Dont rush, and pace yourself.
Give yourself permission to feel everything, and be your own personal caretaker. You have a right to feel all these ways.

Plenty of time for all of these things to iron out.


----------



## SlowlyGettingWiser

nosmallchoice:

If he is the GOOD FRIEND you say he has been for YEARS, then don't you think at some point DOWN THE ROAD...he will UNDERSTAND and forgive the outburst? Especially when you discuss it and explain the strains you were under! It's not like he's skipping through the roses himself! He, of all people, should 

look at the past you two have together
recognize the strain you were under
acknowledge his OWN part in the debacle
be willing to let bygones be bygones
Let it ride for now; there may very well be an opportunity in the future to right this relationship!

We all hope so for the sake of a very old and dear friendship!


----------



## SlowlyGettingWiser

> Shaboomafoo:
> I watched my ex get ready for dates with her OM "just a friend", months before our divorce was scheduled, and I was still living at the marital home, sleeping in the same marital bed...
> 
> I am battling with where that line is. The one between where it is just "my old fashioned romanticized ideas of a relationship" versus what appears to be a relaxed nonchalance towards it.


I am sorry your wife was a back-stabbing, lying, cheater! That does suck! I can only speak for MY values, what works for ME.
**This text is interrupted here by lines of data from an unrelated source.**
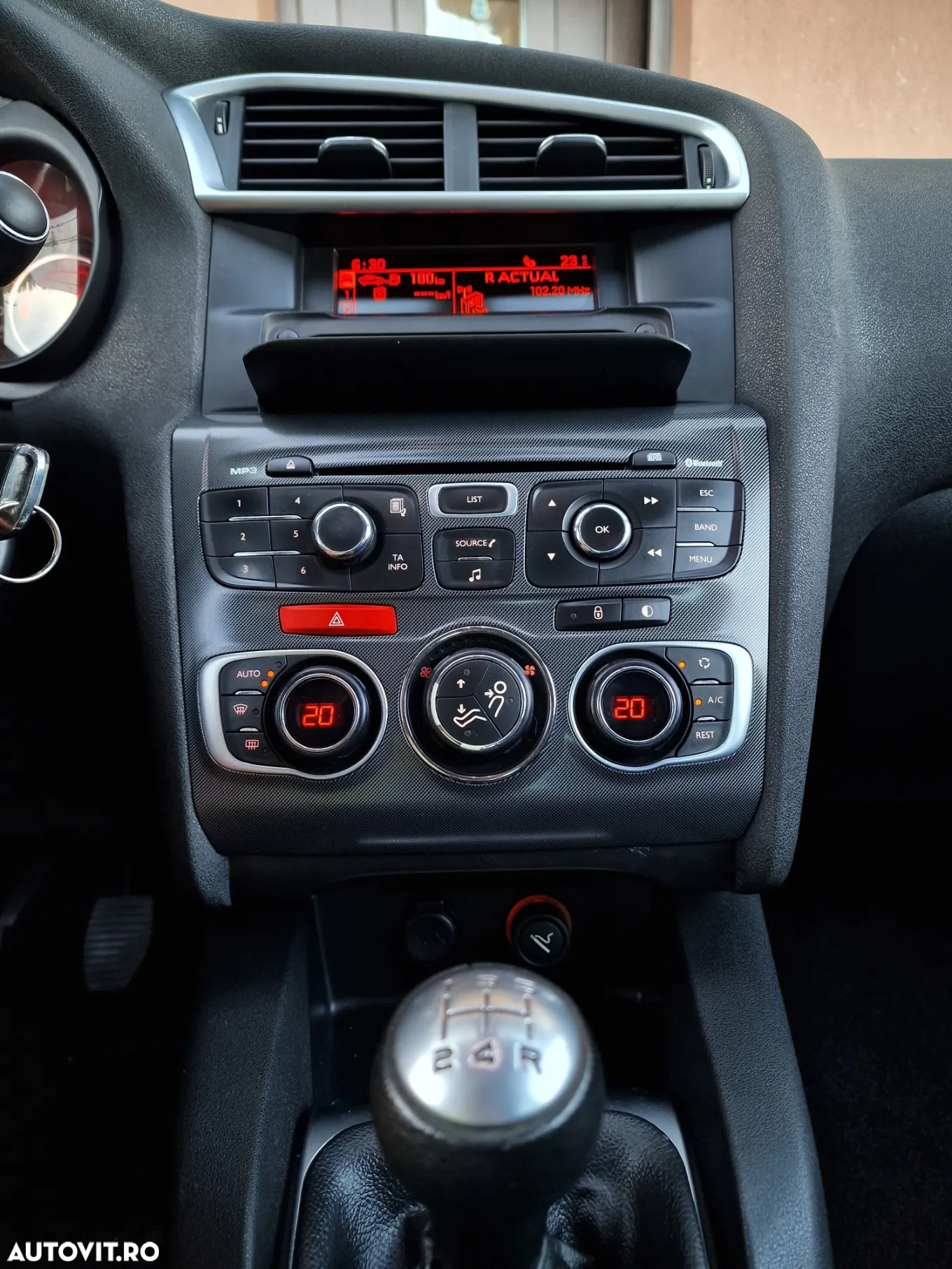 Citroën C4 - 26
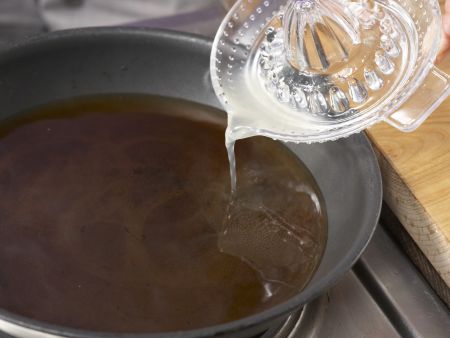 Gefülltes Rebhuhn Zubereitung Schritt 13 Gefülltes Rebhuhn Zubereitung Schritt 13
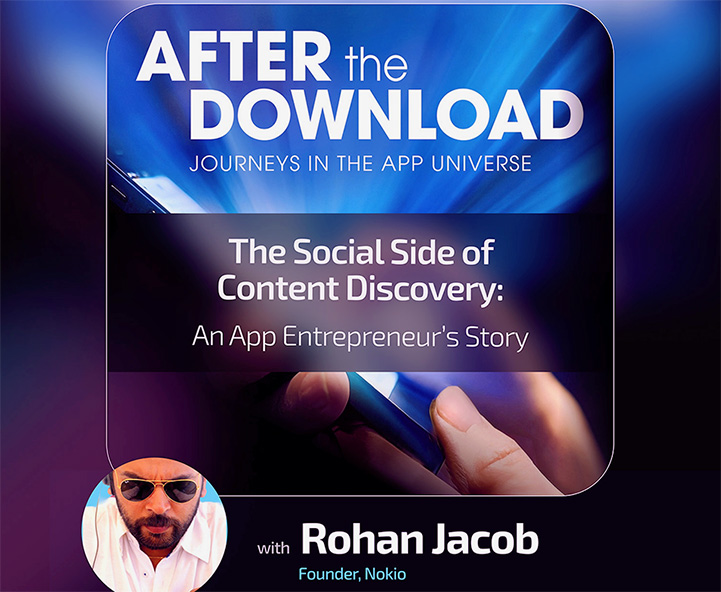 After the Download podcast episode with Rohan Jakob, founder of Nokio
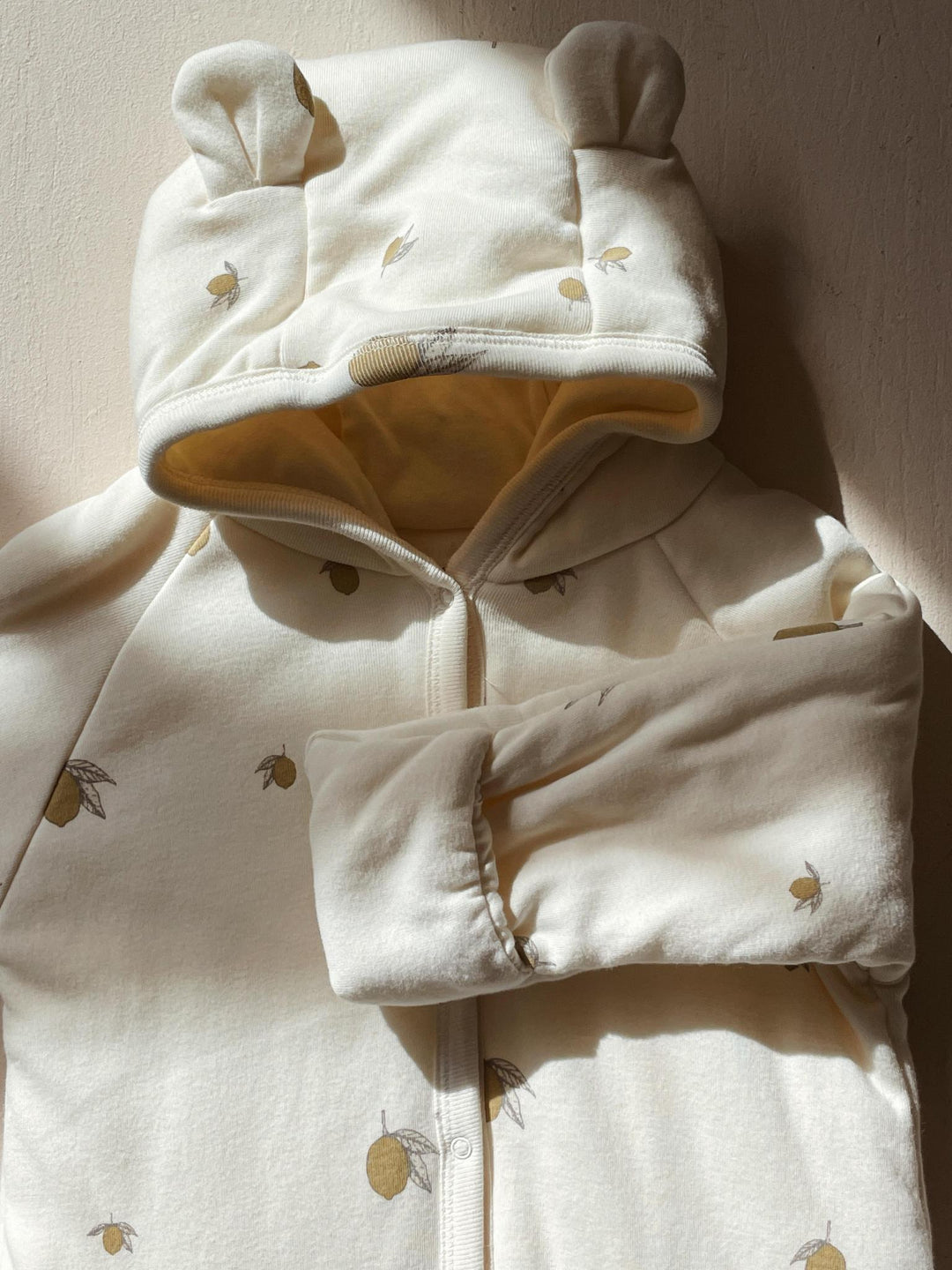 Onesie with Hood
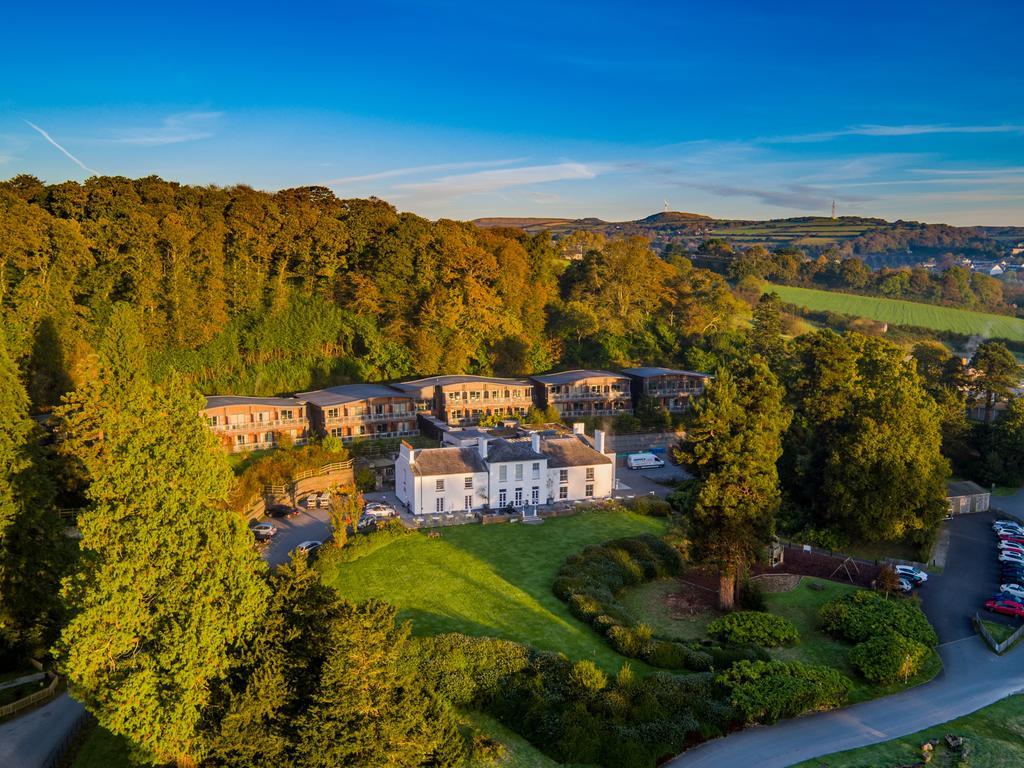 The Cornwall Hotel Spa & Lodges St Austell Kültér fotó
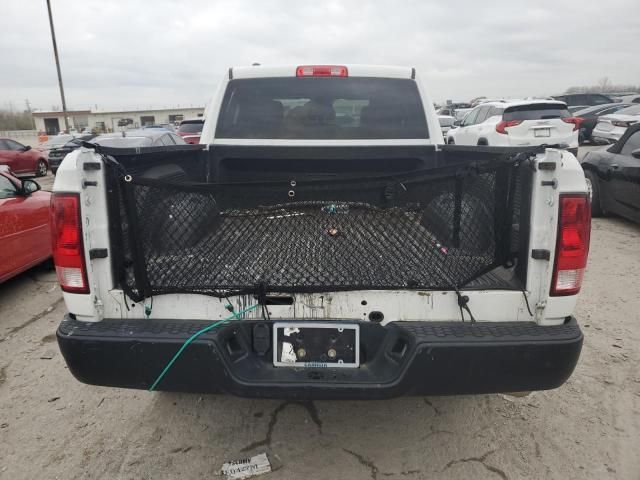 2022 Dodge RAM 1500 Classic Tradesman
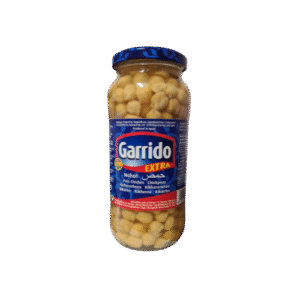 Garrido Pois chiches 400g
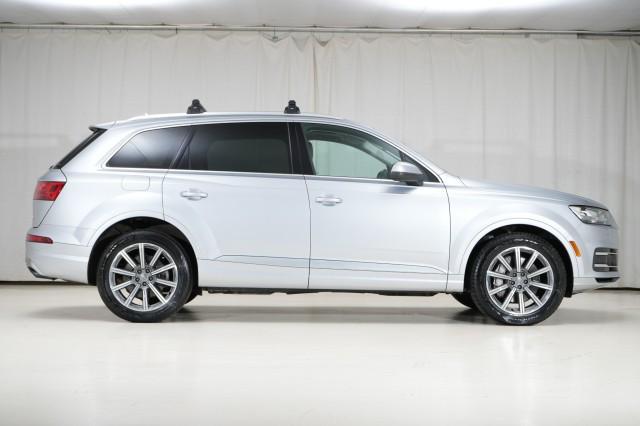 used 2018 Audi Q7 car, priced at $18,980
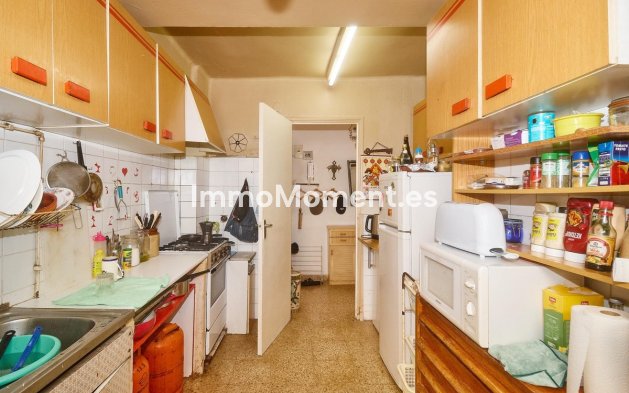 Wiederverkauf - Wohnung - Fuengirola - Fuengirola Centro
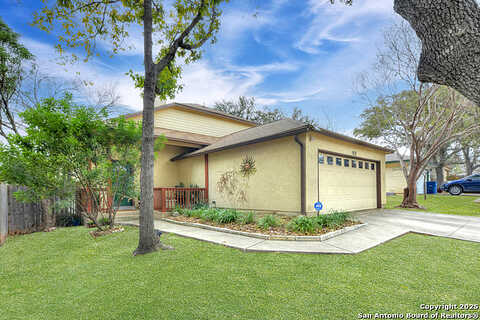 Jean Verte, SAN ANTONIO, TX 78250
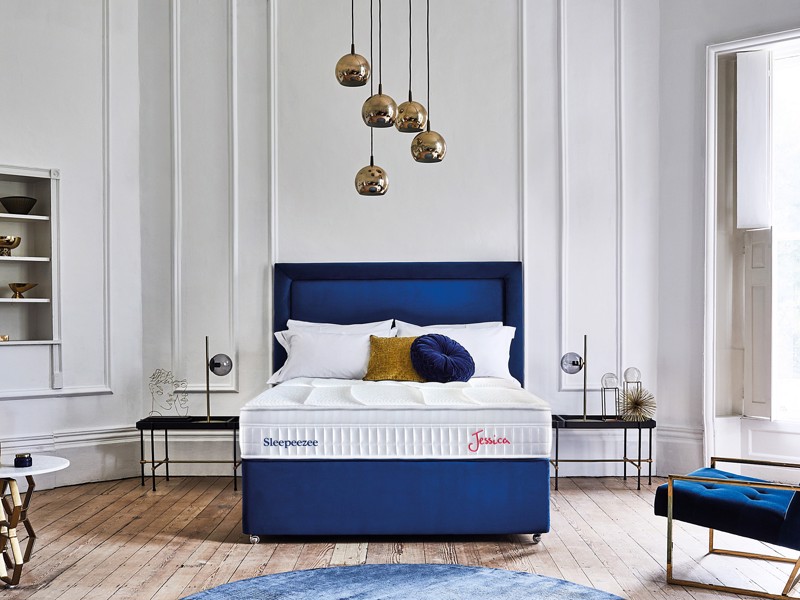 Sleepeezee Jessica Divan Bed2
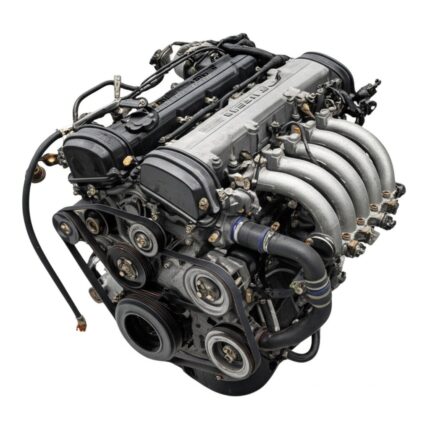 NISSAN 240sx Used Engine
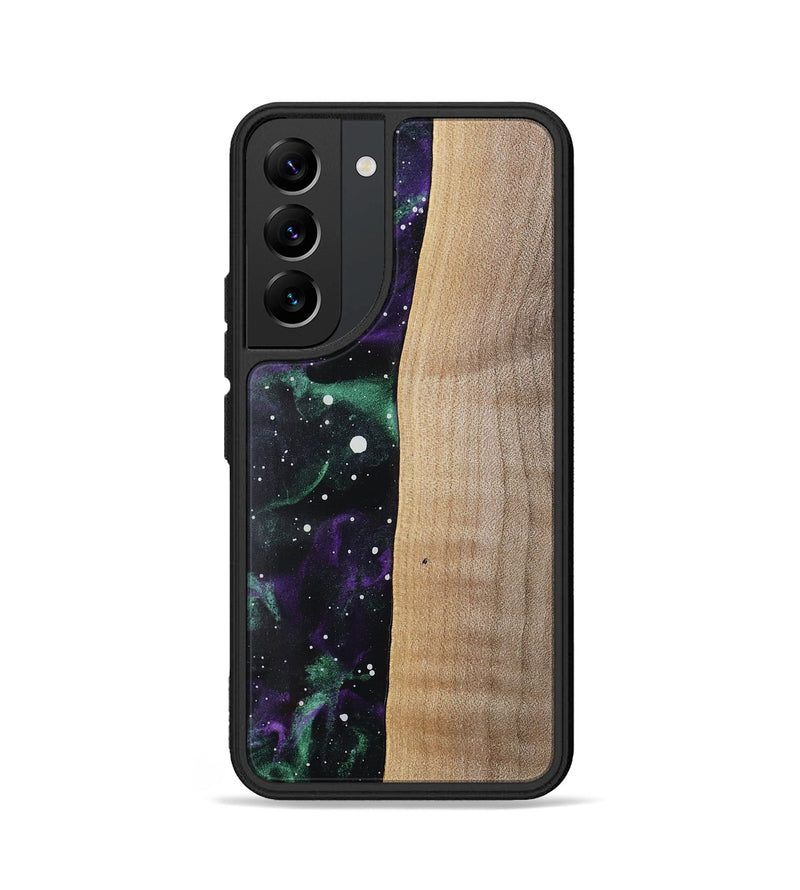 Galaxy S22 Wood Phone Case - Delilah (Cosmos, 754205)
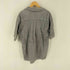 ヨーコサカモト YOKO SAKAMOTO OPEN COLLAR SHIRT メンズ M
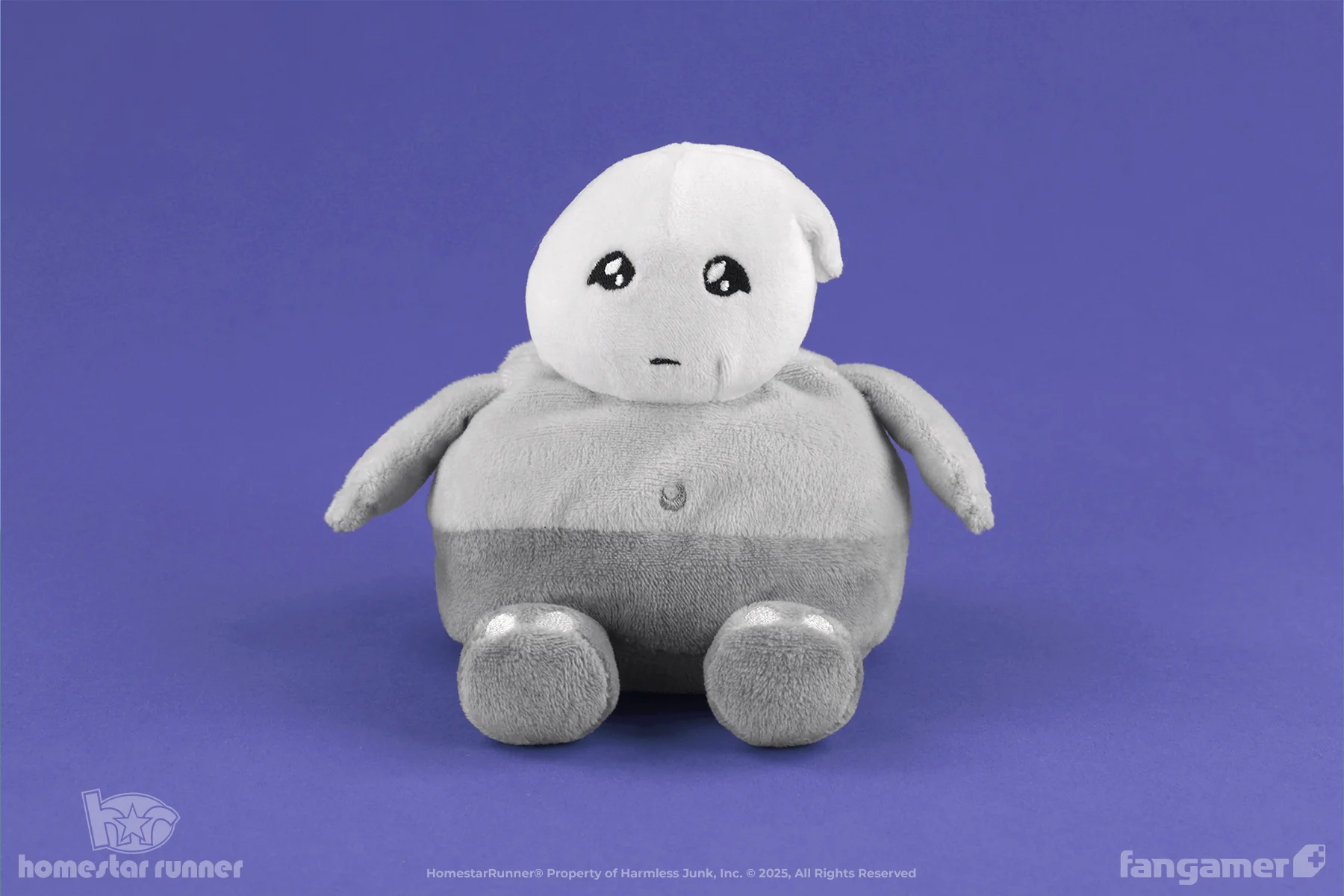 Strong Sad Paunchbaby Plush - Image 5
Once I agreed to marry my STBXH, I already felt married to him. I felt that I owed him the same honesty, integrity, loyalty, duty that I would owe him as my husband. The INTENT to be married was there; I did not NEED a government/church functionary to officially sanction OUR CHOICE. THAT was a mere FORMALITY. In my mind, we functioned as though already married.

Conversely, once I informed my STBXH that I was leaving him and divorcing him, I already felt divorced from him. I moved expeditiously to get out of the house. Once I left the house, I no longer felt I owed him the honesty, integrity, loyalty, duty I owed a husband; his behavior had rescinded his right to it. 

Again, I did not NEED a government/church functionary to officially sanction MY CHOICE. THAT is a mere FORMALITY. In my mind, I function as though already divorced because there IS NO GOING BACK to what was. We are finished. I am fixing myself and moving forward. He is now just my "ex" although we may not be LEGALLY DIVORCED for quite some time yet.

I can respect that others feel it is adultery right up until everyone signs on the dotted line (including the judge). I don't agree with them. How expeditiously the government does/doesn't move in these matters, how expeditiously we can/can't come to financial agreements, etc. do not impact the fact that we are SEPARATE and will NEVER be one entity again.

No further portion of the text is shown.